SUPPLIED RECORDS:
= = = = =

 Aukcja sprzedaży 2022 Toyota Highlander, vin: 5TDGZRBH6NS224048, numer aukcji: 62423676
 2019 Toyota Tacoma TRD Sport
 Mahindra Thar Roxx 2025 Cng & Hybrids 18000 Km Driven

= = = = =

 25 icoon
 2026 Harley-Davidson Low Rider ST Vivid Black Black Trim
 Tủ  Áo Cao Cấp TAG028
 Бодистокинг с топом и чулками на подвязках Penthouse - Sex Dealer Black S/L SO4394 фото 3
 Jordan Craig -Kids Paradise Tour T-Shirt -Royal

= = = = =

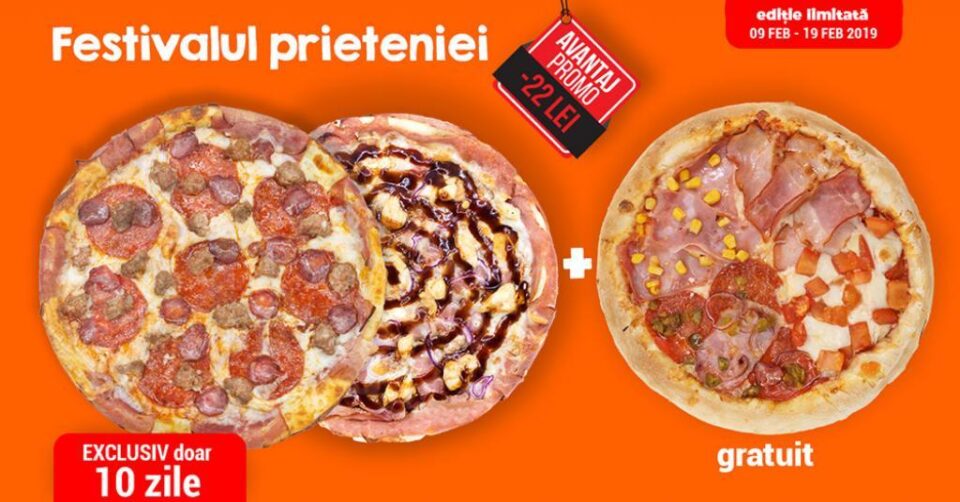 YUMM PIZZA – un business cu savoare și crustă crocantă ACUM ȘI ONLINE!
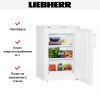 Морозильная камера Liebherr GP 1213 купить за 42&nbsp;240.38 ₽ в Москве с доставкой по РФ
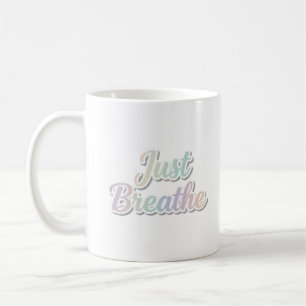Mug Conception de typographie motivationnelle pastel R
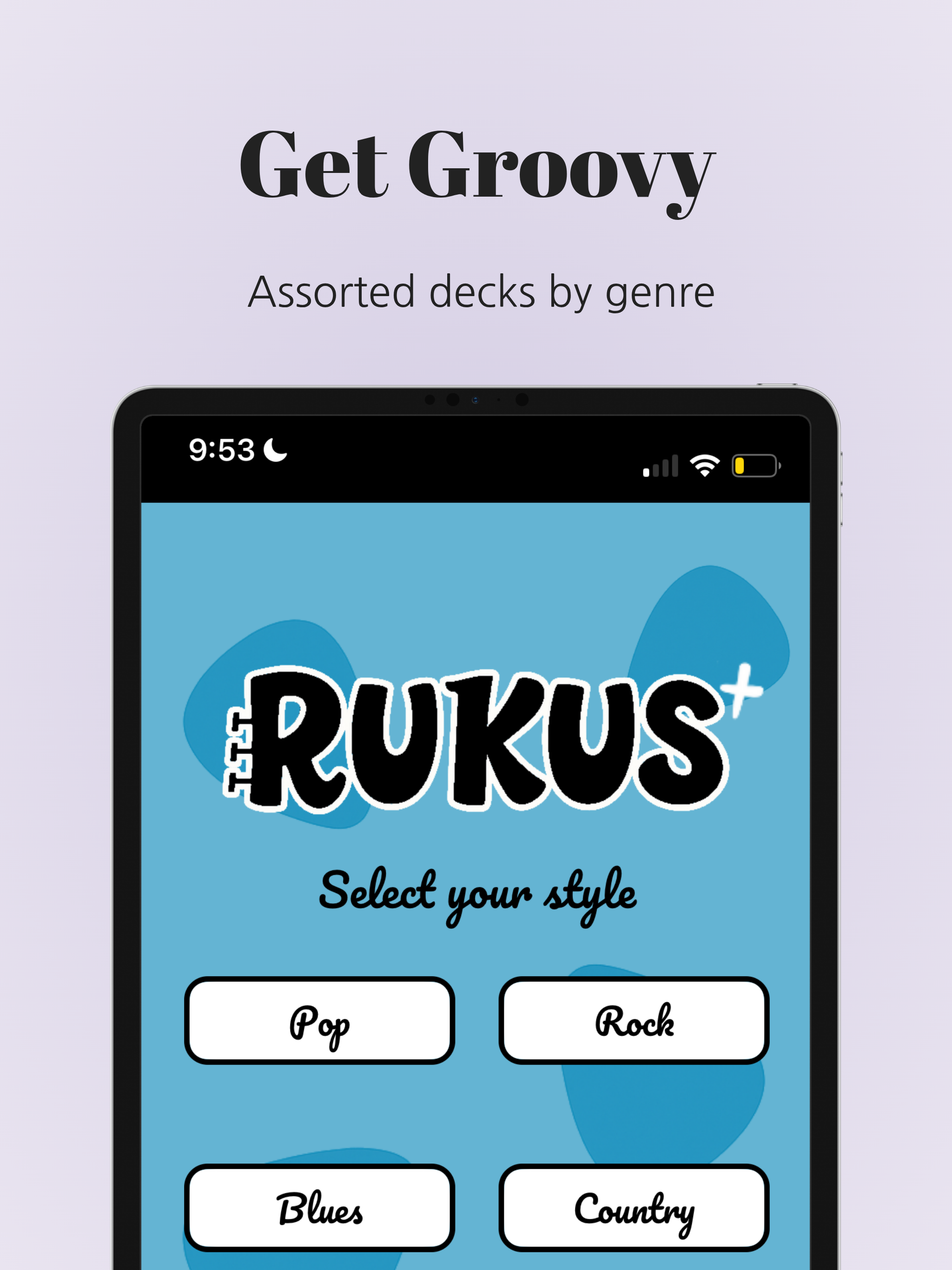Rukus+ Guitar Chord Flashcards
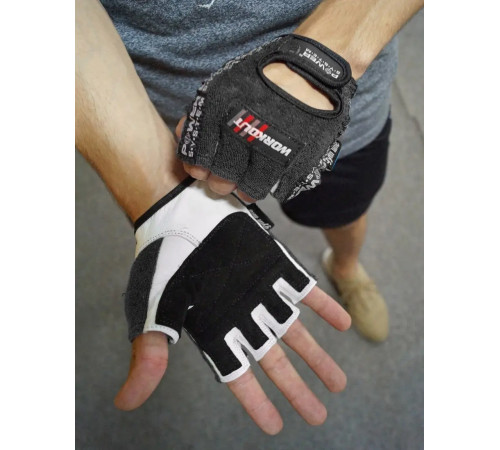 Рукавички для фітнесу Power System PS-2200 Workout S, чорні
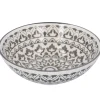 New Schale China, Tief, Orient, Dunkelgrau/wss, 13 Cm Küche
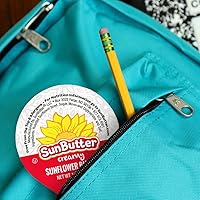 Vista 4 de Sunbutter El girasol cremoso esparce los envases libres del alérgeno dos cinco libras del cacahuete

= = = = =

ACTIVITY: In how many lines of the data above does the word "Toyota" occur? Only the number is wanted.

RESULT OF THE EXERCISE: 2